The Madonna painting by Gabriel Marx depicted on the cover of the May 1888 Kindergarten-primary Magazine was copied from Childhood: Its Care and Culture.

It was characterized as popular in style but scholarly in spirit; conservative and progressive; cautious and bold; motherly and fatherly; scientific and Christian. It discussed a wide range of topics germane to the subject of childhood. It was not a book of sermons or didactic teaching.

==Style==
Practical hints were scattered freely through the book, though for the most part the pages were taken up with profuse talk. Her principles and instructions were illustrated by experience, anecdote and poetry.

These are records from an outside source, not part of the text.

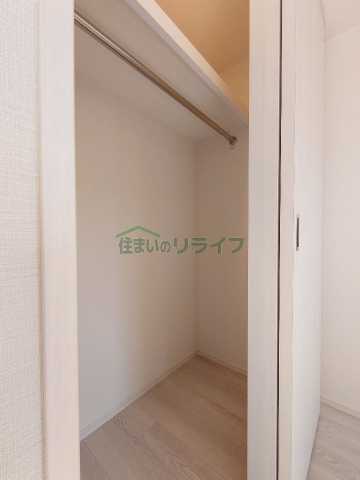 収納　イプセ神楽坂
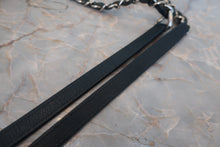 Load image into Gallery viewer, CHANEL Matelasse chain shoulder bag Caviar skin Navy/Silver hadware Shoulder bag 700110173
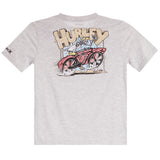 Skel Biker Tee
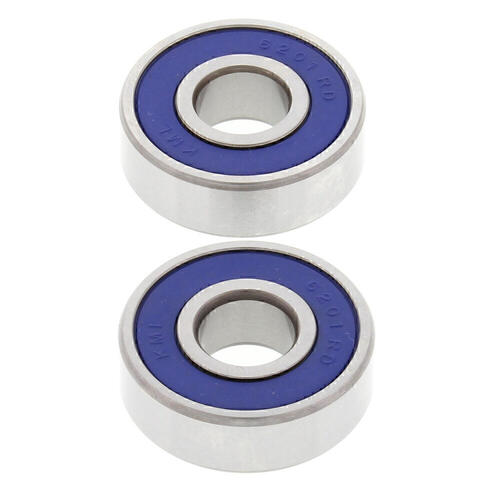 For Suzuki RM85 2021 - 2023 All Balls Motorcycle Front Wheel Bearing and Seal Kit 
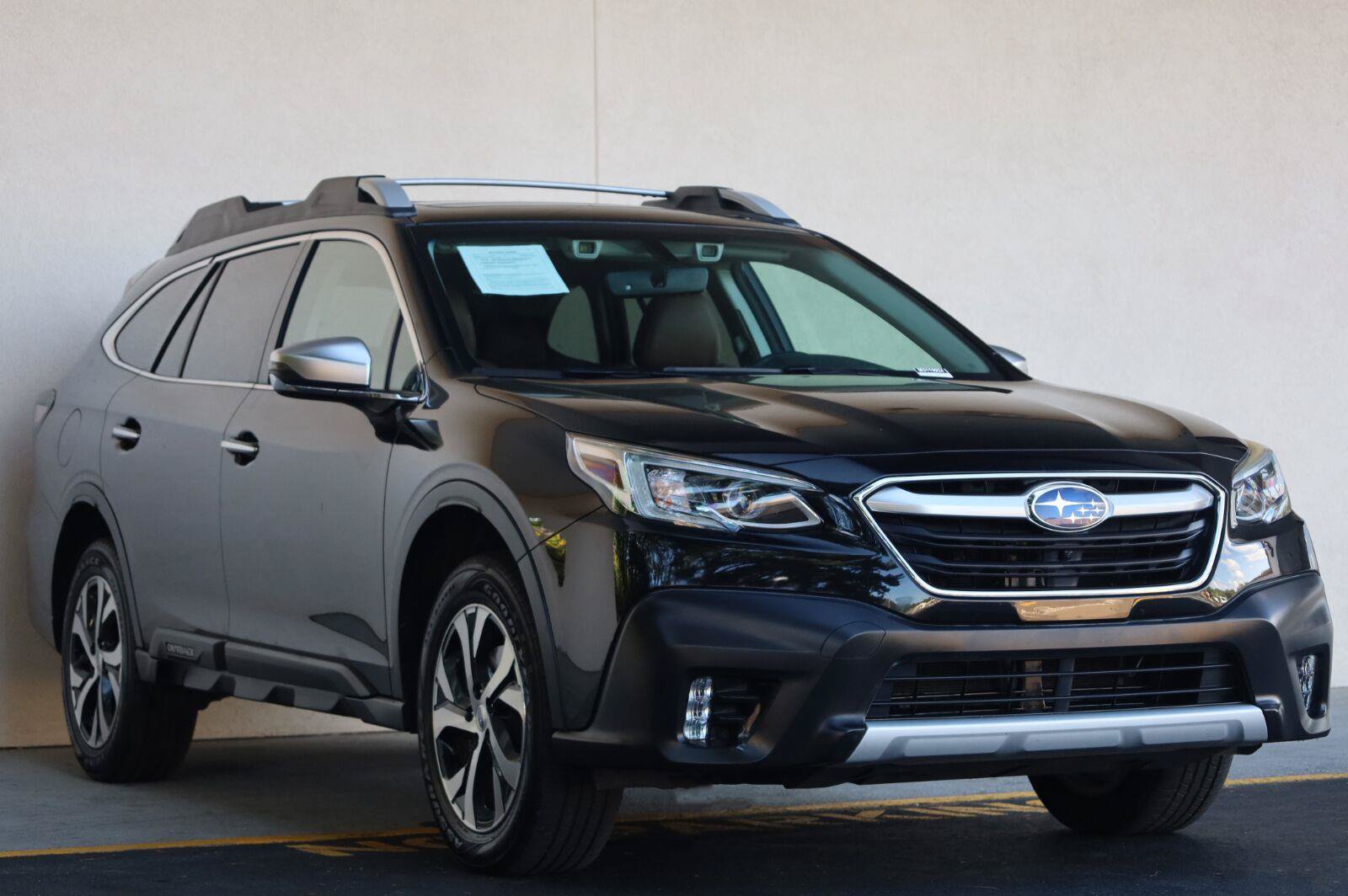 Used 2021 Subaru Outback Touring XT AWD/4WD image 7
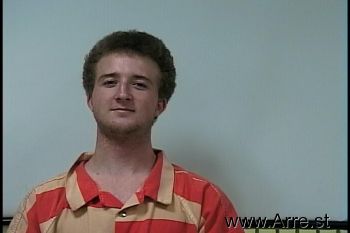 Isaac Ryan Davis Mugshot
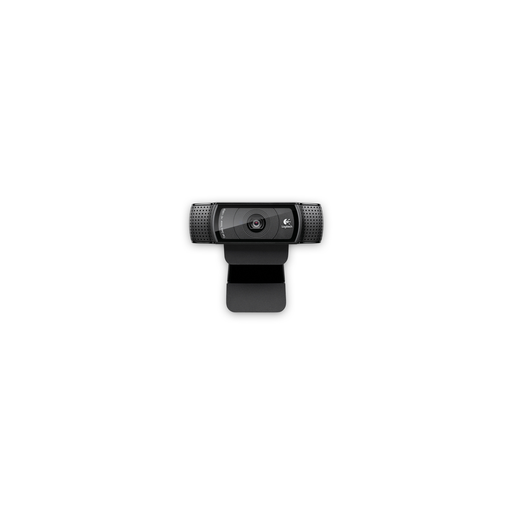 [5099206027916] LOGITECH Webcam HD Pro C920 1920x1080 USB 2.0 Preto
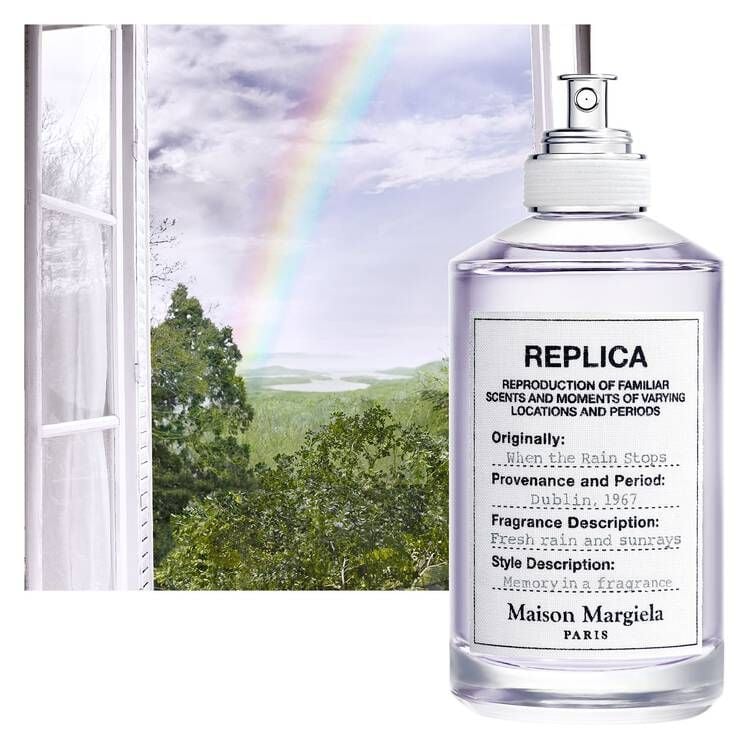 Nước hoa Replica When the Rain Stops 100ml – Sis Scents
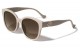 Lion Oversized Cat-Eye Sunglasses lh-p4084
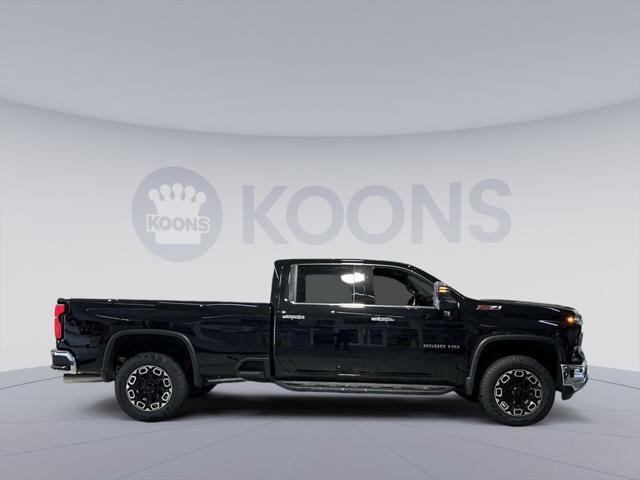 new 2025 Chevrolet Silverado 2500 car, priced at $75,959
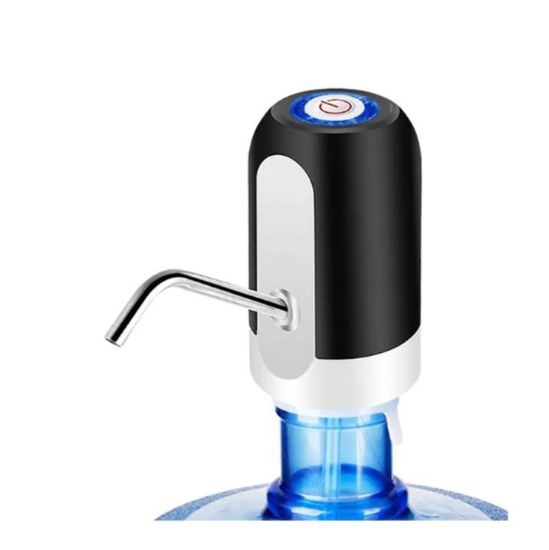 Imagen de Despachador De Agua Eléctrico Recargable Para Colocar en Garrarfón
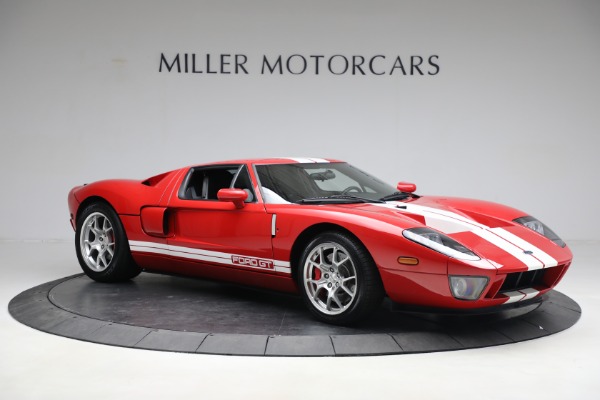 Used 2006 Ford GT for sale $425,900 at Bentley Greenwich in Greenwich CT 06830 10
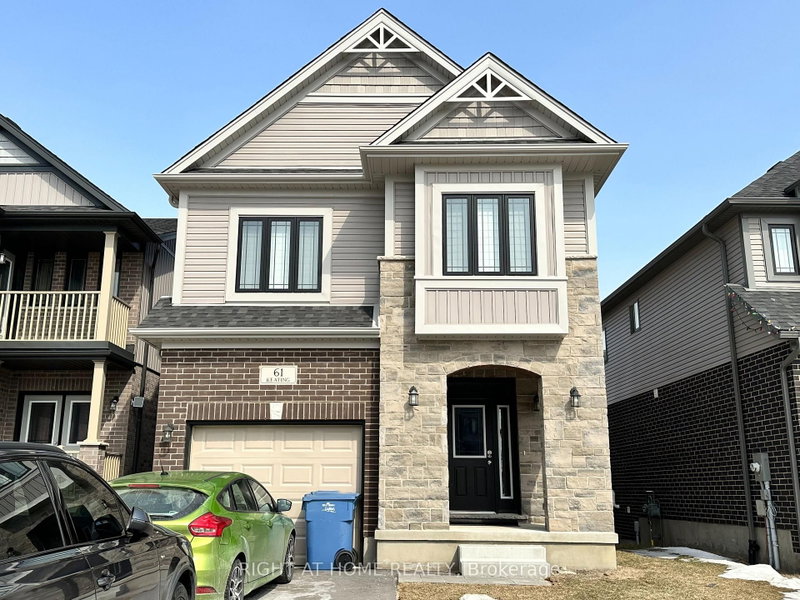 home for lease on Bsmt-61 Keating Street
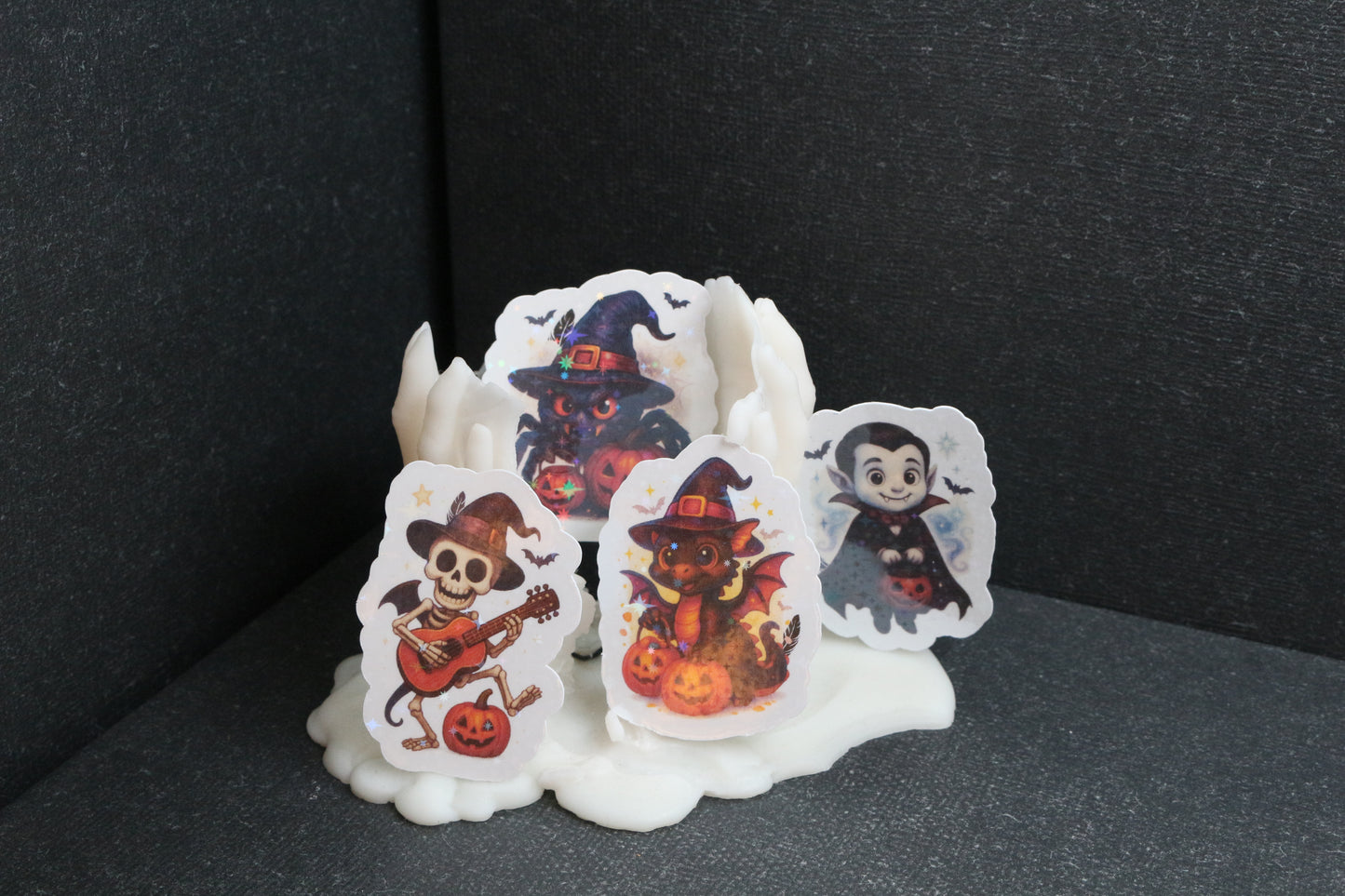 Sticker-Sets "Halloween"
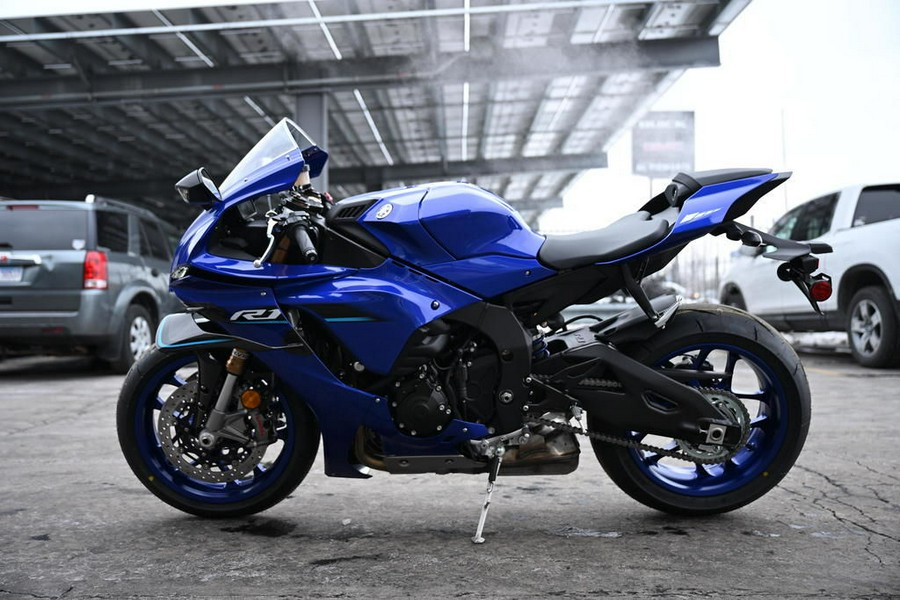 2026 Yamaha YZF-R1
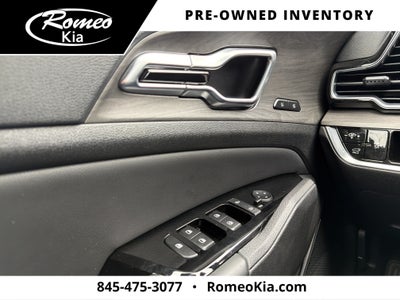 2023 Kia Sportage X-Pro Prestige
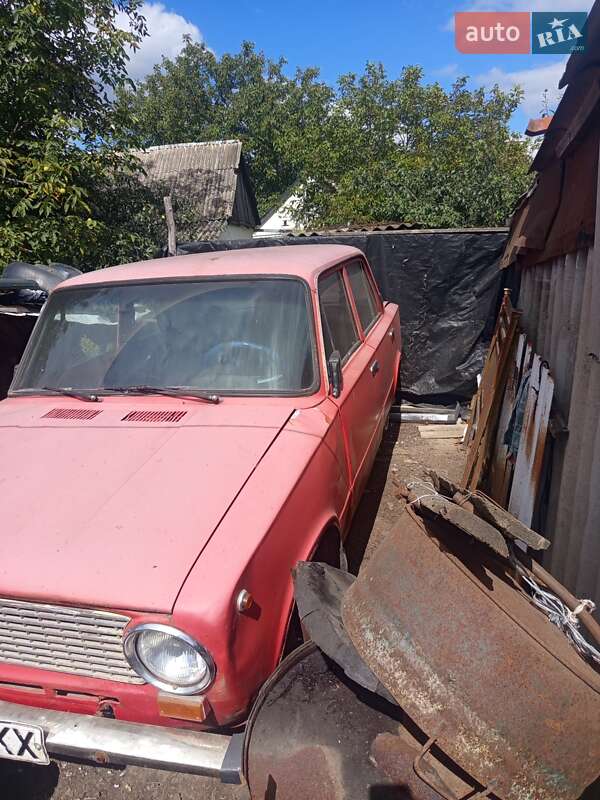 Седан ВАЗ / Lada 2101 1987 в Попельне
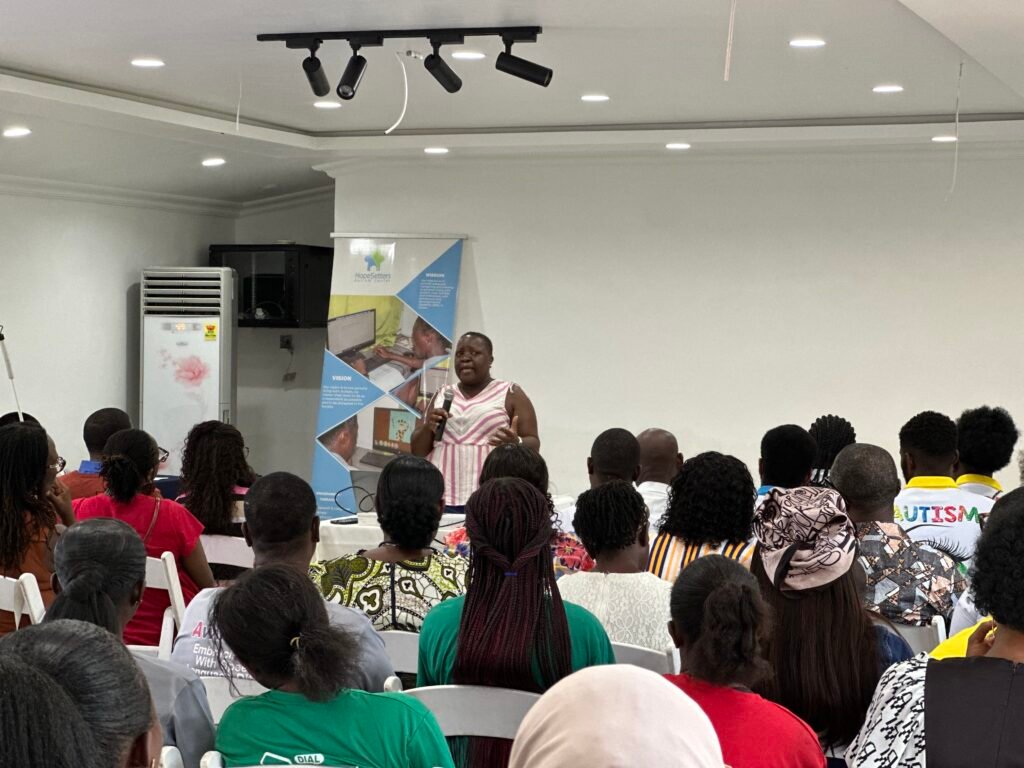 Special needs outreach and caregiver awards at Hope Setters Center – photo 128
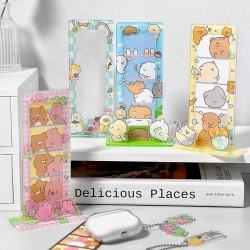 Soon-deok Photo 4Cut Acrylic Frame, Random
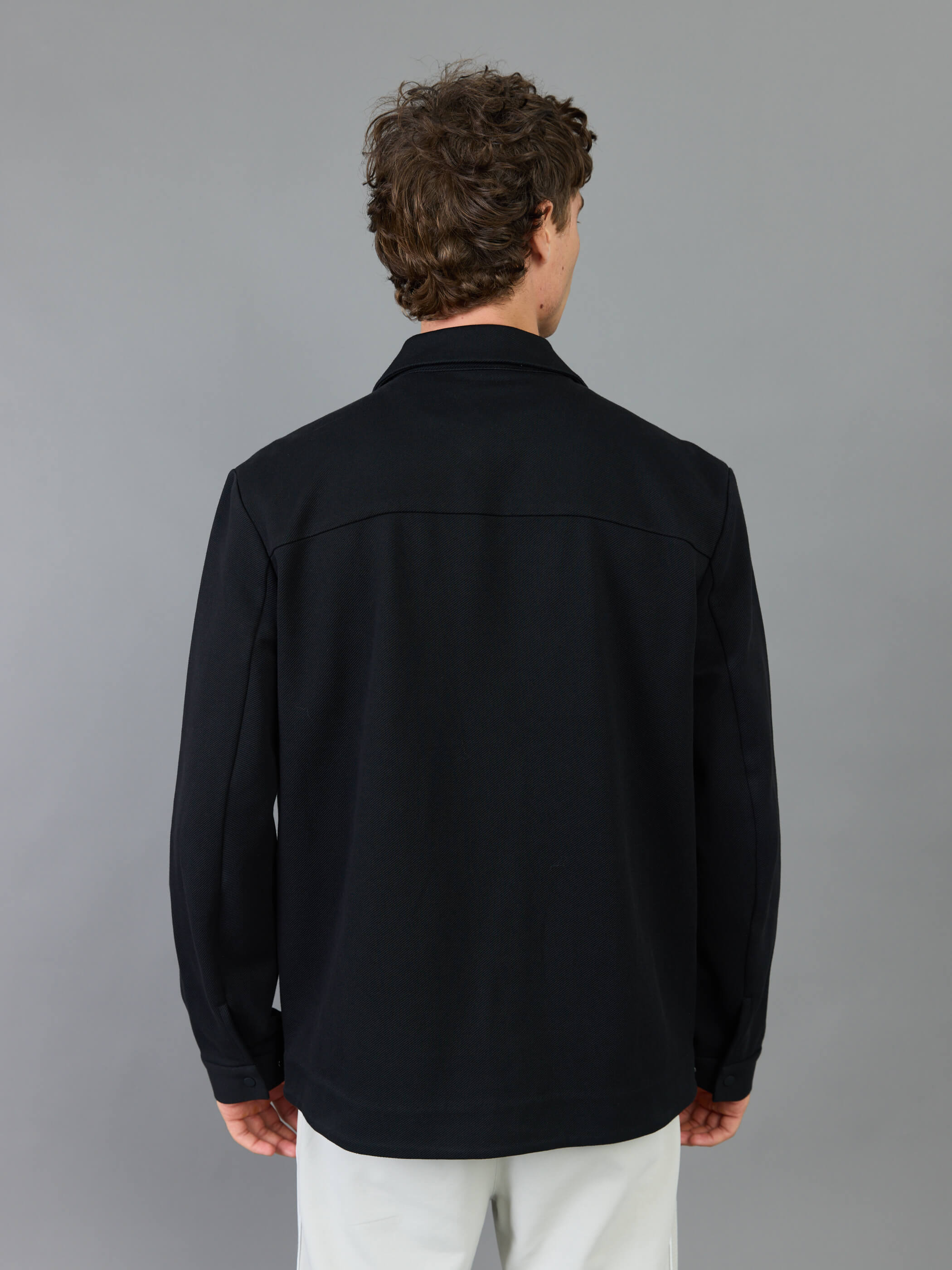 ג'קט אליקסיר Small Logo גברים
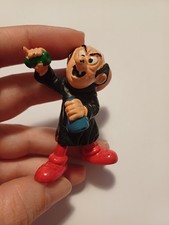 Figure gargamella puffo usato  Genova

In A Study of Religious Literature for the Young (1905), A. L. Baker comments on the book's "captivating list", including "Four Feet", "Wings and Fins", "Funny Folks in Fur and Feathers", "The Fairy Land of Science", and "Bible Animals."

==Publication==
The book was published in Chicago in 1887, by the Woman's Temperance Publishing Association. It was an octavo volume of more than 750 pages,
with a copious index. It was intended for parents, and having to do with the physical, moral, intellectual, social, and religious well-being of children.

==Reception==
According to a review at The Atlantic (1888), the spirit and purpose of the book were well, but the writer allowed herself altogether too much latitude of commonplace.

In 1892, at the Thirteenth Annual State Convention of the W.C.T.U. of California, a resolution was adopted, to the effect that the executive board recommend to the State, the adoption of Childhood, its Care and Culture for use in W.C.T.U. work.